Questão de Direito Tributário — Limitações Constitucionais ao Poder de Tributar - Princípios Tributários — CESPE / CEBRASPE 2023
Direito Tributário›Limitações Constitucionais ao Poder de Tributar - Princípios Tributários
Código
ce151858
Banca
CESPE / CEBRASPE
Órgão
AGU
Ano
2023
Nível
Superior
Cargo
Advogado da União
A Presidência da República editou a Medida Provisória (MP) X, com efeitos a partir da respectiva publicação, revogando a cobrança do adicional de alíquota da COFINS. Antes de decorridos sessenta dias de vigência da MP X, foi editada a MP Y, com efeitos a partir da sua publicação, que, por sua vez, revogou o beneficio previsto na MP X, restaurando a cobrança daquele adicional de alíquota da COFINS. A MP Y perdeu eficácia pelo decurso do tempo, razão por que a MP X voltou a ter efeitos pelo prazo que restava, de forma que a cobrança do adicional da alíquota da COFINS foi novamente obstada.
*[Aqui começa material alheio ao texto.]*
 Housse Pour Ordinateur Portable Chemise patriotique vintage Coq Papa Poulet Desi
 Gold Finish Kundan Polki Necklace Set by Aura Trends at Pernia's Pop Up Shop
A MP X, também pelo decurso do tempo, perdeu sua eficácia, possibilitando que a cobrança do adicional da alíquota da COFINS fosse, por fim, reativada.Em relação a essa situação hipotética, observados o disposto na CF e a jurisprudência do STF acerca do princípio da anterioridade tributária, assinale a opção correta.
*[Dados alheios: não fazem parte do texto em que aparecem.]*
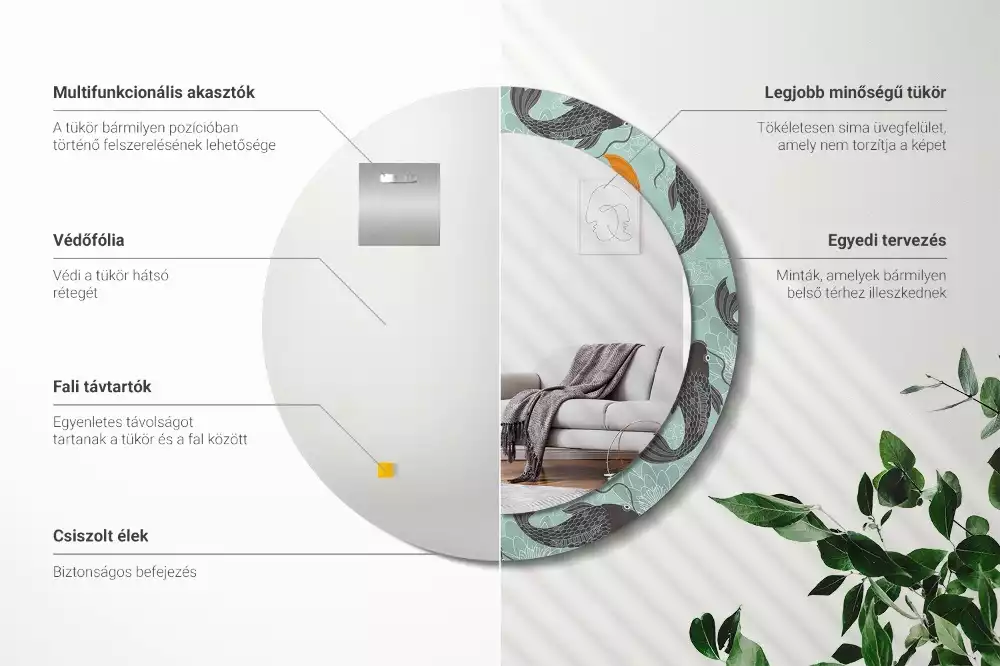 Espejo redondo impreso carpa koi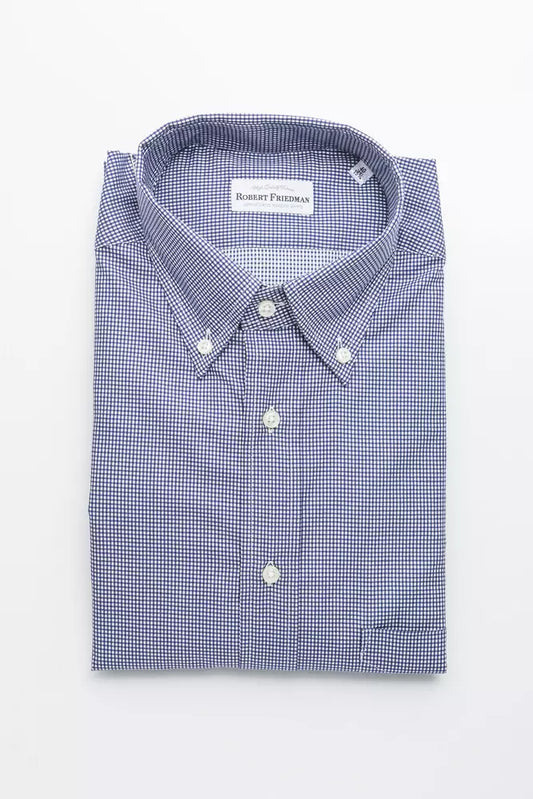 Robert Friedman Blue Cotton Men Shirt $211.00 Robert Friedman Luzworld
AEm nenhum momento, nenhuma das anterioridades tributárias - anual ou nonagesimal - seria aplicável.
BA anterioridade nonagesimal deveria ser observada em um momento: após a volta da cobrança da alíquota adicional da COFINS em decorrência da perda da eficácia da MP X, pelo decurso do tempo restante.
CA anterioridade anual deveria ser observada em dois momentos: após a edição da MP Y, no que revogou a MP X, e após a volta da cobrança da alíquota adicional da COFINS em decorrência da perda da eficácia da MP X, pelo decurso do tempo restante.
DA anterioridade nonagesimal deveria ser observada em apenas um momento: após a edição da MP Y, no que revogou a MP X.
EA anterioridade nonagesimal deveria ser observada em dois · momentos: após a edição da MP Y, e após a volta da cobrança da alíquota adicional da COFINS em decorrência da perda da eficácia da MP X, pelo decurso do tempo restante.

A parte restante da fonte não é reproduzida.